* [MATERIAL SHOWN]
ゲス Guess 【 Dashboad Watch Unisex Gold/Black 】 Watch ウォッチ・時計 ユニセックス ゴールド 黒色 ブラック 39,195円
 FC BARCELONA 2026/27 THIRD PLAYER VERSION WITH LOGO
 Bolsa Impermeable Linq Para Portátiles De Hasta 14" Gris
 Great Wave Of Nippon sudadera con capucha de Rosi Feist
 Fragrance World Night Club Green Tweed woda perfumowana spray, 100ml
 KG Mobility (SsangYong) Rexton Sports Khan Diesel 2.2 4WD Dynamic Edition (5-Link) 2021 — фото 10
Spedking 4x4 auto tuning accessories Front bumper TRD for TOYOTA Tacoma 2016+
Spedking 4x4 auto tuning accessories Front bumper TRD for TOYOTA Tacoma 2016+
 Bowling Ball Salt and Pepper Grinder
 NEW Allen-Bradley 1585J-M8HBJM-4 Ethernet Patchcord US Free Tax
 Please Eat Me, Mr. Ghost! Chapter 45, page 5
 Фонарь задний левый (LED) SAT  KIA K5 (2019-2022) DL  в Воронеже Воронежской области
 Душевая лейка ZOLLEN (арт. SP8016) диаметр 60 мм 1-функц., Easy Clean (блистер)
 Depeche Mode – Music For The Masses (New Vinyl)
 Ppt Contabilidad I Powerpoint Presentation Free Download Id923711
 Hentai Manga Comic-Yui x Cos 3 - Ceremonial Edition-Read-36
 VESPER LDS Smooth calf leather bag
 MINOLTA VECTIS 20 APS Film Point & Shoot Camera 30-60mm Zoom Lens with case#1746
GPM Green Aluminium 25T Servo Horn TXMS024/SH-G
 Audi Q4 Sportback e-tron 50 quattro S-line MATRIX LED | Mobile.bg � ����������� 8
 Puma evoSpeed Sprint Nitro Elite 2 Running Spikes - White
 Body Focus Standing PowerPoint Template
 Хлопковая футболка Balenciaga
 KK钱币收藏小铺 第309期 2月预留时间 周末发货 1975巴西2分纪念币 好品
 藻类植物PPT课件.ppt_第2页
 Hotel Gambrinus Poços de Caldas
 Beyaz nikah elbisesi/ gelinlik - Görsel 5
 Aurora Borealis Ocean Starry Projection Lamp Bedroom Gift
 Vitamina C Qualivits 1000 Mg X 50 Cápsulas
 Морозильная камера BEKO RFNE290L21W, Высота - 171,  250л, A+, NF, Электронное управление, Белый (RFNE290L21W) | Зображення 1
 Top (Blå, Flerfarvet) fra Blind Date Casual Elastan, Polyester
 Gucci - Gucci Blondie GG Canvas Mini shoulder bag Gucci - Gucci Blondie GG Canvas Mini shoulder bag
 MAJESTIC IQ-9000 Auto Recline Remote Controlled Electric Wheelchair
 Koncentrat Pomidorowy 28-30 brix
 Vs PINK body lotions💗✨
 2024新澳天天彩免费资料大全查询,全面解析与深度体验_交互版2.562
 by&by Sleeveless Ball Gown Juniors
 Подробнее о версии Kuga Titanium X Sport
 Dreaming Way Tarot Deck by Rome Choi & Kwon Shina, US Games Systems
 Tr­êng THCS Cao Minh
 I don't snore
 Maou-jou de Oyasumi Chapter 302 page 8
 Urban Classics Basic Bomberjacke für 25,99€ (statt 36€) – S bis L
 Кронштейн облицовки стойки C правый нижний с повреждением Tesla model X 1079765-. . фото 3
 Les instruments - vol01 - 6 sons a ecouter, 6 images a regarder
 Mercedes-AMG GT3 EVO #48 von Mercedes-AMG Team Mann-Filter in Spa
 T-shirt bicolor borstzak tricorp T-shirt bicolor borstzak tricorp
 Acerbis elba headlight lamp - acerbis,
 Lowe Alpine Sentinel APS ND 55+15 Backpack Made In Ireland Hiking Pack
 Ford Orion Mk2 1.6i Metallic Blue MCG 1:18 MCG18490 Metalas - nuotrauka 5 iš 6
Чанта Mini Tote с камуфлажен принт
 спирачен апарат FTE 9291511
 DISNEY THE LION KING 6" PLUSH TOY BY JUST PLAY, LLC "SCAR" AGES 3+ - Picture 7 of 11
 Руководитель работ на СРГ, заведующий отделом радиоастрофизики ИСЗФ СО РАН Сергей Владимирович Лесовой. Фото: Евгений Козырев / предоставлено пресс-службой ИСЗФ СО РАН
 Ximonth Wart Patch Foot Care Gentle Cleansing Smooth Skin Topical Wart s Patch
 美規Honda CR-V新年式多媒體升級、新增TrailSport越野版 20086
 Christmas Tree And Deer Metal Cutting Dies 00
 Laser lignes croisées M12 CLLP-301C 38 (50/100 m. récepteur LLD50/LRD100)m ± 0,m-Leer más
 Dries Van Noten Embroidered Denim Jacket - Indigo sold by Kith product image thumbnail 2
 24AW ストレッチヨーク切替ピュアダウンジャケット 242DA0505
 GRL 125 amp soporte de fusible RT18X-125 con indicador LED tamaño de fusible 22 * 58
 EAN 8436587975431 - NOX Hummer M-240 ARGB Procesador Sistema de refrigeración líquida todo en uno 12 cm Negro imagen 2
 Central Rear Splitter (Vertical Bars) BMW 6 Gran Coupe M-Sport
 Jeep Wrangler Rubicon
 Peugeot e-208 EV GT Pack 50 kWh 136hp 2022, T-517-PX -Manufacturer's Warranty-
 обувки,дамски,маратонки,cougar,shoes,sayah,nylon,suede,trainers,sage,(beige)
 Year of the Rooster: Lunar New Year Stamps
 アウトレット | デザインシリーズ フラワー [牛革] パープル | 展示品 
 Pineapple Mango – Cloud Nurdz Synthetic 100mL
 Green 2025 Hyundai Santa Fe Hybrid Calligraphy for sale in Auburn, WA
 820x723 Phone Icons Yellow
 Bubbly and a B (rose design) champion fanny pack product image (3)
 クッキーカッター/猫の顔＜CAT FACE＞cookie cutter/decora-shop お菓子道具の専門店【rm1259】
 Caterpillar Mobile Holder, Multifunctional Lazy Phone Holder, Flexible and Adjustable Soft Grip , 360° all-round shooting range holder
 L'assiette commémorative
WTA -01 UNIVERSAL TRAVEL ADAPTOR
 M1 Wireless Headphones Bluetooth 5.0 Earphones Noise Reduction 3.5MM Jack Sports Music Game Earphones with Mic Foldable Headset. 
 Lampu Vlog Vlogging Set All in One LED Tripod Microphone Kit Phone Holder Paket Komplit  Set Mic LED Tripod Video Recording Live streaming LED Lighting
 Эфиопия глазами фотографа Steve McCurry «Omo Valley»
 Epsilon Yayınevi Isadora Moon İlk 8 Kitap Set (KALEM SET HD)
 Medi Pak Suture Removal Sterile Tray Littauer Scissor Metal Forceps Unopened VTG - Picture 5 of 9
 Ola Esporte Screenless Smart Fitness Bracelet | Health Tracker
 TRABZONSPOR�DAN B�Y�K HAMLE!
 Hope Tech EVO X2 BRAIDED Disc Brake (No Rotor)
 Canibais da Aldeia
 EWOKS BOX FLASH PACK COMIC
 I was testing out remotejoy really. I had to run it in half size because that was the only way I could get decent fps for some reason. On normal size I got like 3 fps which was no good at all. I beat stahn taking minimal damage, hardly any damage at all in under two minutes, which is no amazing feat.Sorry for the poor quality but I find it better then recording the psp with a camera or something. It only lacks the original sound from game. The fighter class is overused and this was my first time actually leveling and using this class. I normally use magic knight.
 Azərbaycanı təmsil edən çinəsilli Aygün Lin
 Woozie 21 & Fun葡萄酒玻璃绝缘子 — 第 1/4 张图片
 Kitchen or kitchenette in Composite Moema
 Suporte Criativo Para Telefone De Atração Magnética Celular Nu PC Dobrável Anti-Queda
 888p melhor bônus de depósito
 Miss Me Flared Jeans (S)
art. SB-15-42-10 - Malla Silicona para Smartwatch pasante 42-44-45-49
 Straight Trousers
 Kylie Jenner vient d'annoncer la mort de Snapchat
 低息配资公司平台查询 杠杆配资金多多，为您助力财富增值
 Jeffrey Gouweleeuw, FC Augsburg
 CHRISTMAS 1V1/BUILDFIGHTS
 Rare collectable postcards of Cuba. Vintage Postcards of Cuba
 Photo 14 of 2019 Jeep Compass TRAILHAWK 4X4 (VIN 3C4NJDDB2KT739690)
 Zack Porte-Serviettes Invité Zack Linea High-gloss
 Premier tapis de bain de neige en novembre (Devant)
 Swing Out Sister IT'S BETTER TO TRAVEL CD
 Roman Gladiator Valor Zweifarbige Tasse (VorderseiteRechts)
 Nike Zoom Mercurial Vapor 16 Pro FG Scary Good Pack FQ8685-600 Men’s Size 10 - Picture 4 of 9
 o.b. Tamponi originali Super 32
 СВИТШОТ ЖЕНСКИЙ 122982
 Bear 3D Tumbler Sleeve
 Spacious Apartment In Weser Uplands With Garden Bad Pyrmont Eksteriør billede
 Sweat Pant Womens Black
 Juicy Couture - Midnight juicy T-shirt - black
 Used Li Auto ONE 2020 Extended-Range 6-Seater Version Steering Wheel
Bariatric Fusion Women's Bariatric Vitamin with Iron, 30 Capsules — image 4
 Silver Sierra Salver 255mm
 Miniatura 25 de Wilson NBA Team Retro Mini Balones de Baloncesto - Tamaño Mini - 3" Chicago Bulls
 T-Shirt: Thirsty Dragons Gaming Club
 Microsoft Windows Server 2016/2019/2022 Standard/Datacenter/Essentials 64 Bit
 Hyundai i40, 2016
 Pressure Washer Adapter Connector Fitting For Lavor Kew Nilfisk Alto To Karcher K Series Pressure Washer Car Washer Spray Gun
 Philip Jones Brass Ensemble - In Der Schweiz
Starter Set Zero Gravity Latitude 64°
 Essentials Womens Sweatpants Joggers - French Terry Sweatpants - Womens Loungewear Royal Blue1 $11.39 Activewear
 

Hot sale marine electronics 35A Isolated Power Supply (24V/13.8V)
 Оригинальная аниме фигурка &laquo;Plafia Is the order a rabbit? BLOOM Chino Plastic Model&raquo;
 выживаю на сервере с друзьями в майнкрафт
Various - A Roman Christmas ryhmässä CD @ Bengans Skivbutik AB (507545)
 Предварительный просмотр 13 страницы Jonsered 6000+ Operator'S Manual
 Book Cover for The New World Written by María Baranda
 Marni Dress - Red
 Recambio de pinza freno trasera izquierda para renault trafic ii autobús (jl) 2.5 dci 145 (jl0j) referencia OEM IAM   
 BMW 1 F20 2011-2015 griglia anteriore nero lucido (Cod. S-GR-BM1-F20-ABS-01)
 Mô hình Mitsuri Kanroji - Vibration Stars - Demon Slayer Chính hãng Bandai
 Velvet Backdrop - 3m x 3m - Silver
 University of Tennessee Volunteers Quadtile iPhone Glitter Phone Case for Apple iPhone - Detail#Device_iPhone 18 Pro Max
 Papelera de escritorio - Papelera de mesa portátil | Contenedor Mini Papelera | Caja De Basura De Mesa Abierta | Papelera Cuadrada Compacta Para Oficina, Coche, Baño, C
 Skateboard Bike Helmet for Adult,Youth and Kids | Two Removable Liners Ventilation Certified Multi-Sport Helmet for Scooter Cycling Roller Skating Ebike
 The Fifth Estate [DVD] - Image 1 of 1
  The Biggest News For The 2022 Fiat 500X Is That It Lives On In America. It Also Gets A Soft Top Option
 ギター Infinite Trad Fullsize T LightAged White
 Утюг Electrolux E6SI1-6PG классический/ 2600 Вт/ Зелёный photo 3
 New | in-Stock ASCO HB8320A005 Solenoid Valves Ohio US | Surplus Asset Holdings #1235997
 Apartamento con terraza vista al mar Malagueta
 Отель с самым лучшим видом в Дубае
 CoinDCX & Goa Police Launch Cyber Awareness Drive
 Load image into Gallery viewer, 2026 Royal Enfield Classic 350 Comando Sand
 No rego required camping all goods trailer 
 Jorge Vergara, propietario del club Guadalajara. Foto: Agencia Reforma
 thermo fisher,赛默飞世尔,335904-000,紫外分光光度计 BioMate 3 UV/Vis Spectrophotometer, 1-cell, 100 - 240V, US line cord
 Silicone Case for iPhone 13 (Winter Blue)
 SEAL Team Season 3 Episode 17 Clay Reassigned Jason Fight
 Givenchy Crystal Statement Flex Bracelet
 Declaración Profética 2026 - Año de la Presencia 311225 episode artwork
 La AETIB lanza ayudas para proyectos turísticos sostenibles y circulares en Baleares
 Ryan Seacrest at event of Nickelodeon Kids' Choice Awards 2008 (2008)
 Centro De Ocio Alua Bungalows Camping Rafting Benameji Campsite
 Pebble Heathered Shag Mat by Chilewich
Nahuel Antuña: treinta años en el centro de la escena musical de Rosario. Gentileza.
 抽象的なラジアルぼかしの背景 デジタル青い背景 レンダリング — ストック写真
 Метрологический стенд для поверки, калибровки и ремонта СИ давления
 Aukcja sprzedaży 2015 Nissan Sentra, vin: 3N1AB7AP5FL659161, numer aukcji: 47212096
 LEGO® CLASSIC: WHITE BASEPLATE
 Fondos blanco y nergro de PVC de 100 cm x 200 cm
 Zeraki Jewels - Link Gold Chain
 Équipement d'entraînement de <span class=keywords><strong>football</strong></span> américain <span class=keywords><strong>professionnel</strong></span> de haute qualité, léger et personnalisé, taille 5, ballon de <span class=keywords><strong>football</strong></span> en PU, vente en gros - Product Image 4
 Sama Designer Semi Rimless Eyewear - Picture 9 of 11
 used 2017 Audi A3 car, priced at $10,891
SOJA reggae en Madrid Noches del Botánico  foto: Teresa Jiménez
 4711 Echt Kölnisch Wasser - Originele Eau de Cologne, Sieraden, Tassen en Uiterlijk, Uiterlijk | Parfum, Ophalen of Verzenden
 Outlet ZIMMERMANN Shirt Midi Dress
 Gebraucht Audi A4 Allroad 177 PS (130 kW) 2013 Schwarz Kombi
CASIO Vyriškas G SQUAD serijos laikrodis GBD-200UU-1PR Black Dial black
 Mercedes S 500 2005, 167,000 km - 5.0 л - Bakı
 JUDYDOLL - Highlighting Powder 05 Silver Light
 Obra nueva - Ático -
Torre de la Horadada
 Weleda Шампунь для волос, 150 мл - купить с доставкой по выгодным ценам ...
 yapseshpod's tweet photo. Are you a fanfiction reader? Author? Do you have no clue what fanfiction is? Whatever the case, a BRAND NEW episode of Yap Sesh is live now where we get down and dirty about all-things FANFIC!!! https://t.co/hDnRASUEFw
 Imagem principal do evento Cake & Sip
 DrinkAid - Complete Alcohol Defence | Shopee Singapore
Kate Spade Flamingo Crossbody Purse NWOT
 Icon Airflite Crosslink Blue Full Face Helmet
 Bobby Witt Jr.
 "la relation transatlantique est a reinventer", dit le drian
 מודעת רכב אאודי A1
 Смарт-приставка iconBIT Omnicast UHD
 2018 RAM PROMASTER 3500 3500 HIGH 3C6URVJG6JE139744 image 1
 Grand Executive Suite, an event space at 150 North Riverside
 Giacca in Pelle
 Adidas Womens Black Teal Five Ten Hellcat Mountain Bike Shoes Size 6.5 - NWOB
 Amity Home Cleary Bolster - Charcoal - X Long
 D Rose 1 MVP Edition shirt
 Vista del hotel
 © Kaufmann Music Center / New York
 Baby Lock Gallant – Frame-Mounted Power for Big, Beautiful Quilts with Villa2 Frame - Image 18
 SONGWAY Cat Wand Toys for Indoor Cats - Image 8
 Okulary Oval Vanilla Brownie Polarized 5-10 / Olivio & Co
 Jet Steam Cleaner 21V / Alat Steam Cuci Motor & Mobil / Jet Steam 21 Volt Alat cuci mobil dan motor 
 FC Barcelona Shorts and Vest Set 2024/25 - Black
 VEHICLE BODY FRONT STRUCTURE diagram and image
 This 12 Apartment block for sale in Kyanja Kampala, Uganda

* [YOUR INSTRUCTIONS] Using the entries above, extract exactly the span from the line with "Ximonth Wart Patch" to the line with "Pineapple Mango –", both lines included; leave out everything else.

* [RESULT OF THE EXERCISE]
 Ximonth Wart Patch Foot Care Gentle Cleansing Smooth Skin Topical Wart s Patch
 美規Honda CR-V新年式多媒體升級、新增TrailSport越野版 20086
 Christmas Tree And Deer Metal Cutting Dies 00
 Laser lignes croisées M12 CLLP-301C 38 (50/100 m. récepteur LLD50/LRD100)m ± 0,m-Leer más
 Dries Van Noten Embroidered Denim Jacket - Indigo sold by Kith product image thumbnail 2
 24AW ストレッチヨーク切替ピュアダウンジャケット 242DA0505
 GRL 125 amp soporte de fusible RT18X-125 con indicador LED tamaño de fusible 22 * 58
 EAN 8436587975431 - NOX Hummer M-240 ARGB Procesador Sistema de refrigeración líquida todo en uno 12 cm Negro imagen 2
 Central Rear Splitter (Vertical Bars) BMW 6 Gran Coupe M-Sport
 Jeep Wrangler Rubicon
 Peugeot e-208 EV GT Pack 50 kWh 136hp 2022, T-517-PX -Manufacturer's Warranty-
 обувки,дамски,маратонки,cougar,shoes,sayah,nylon,suede,trainers,sage,(beige)
 Year of the Rooster: Lunar New Year Stamps
 アウトレット | デザインシリーズ フラワー [牛革] パープル | 展示品 
 Pineapple Mango – Cloud Nurdz Synthetic 100mL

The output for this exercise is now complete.